WHAT THE EXERCISE ASKS:
All lines in the records below from the line with "Cargar imagen en" through the line with "Listing photo id" are to be given again exactly, both ends included; the pictures are to be left out.

DATASET RECORDS:
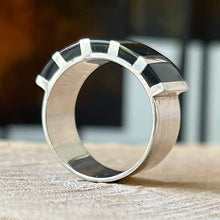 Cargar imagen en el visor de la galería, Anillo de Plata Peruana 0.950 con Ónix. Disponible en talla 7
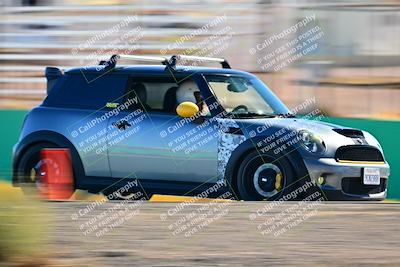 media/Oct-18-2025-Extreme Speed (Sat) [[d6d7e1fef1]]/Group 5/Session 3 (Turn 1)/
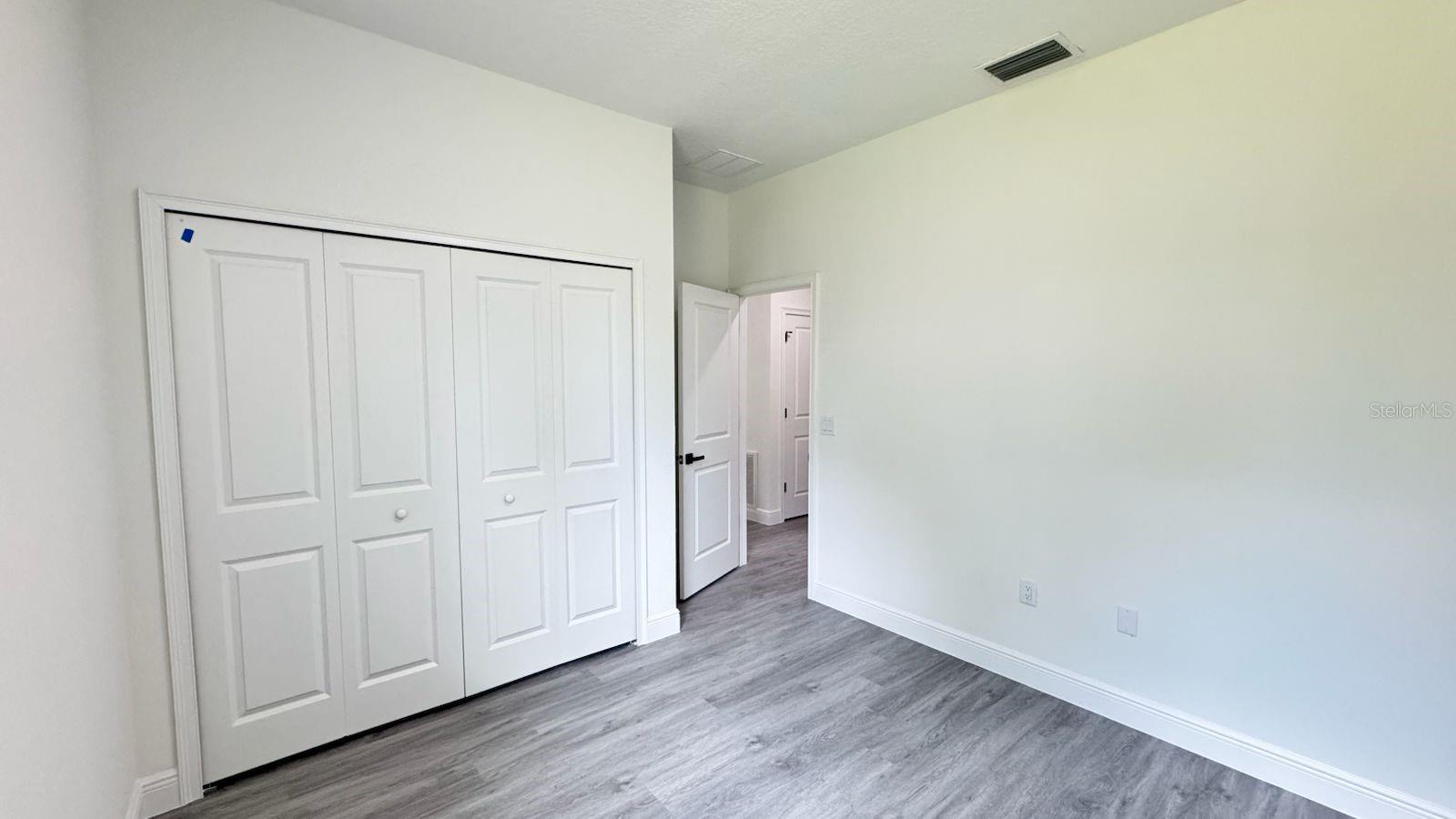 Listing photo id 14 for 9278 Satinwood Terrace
* * *
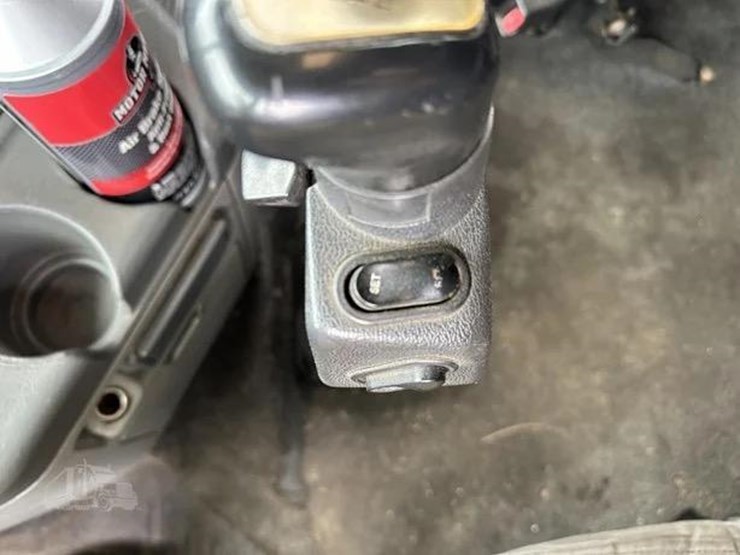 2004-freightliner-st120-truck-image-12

WRITTEN ANSWER:
 Cargar imagen en el visor de la galería, Anillo de Plata Peruana 0.950 con Ónix. Disponible en talla 7
 media/Oct-18-2025-Extreme Speed (Sat) [[d6d7e1fef1]]/Group 5/Session 3 (Turn 1)/
 Listing photo id 14 for 9278 Satinwood Terrace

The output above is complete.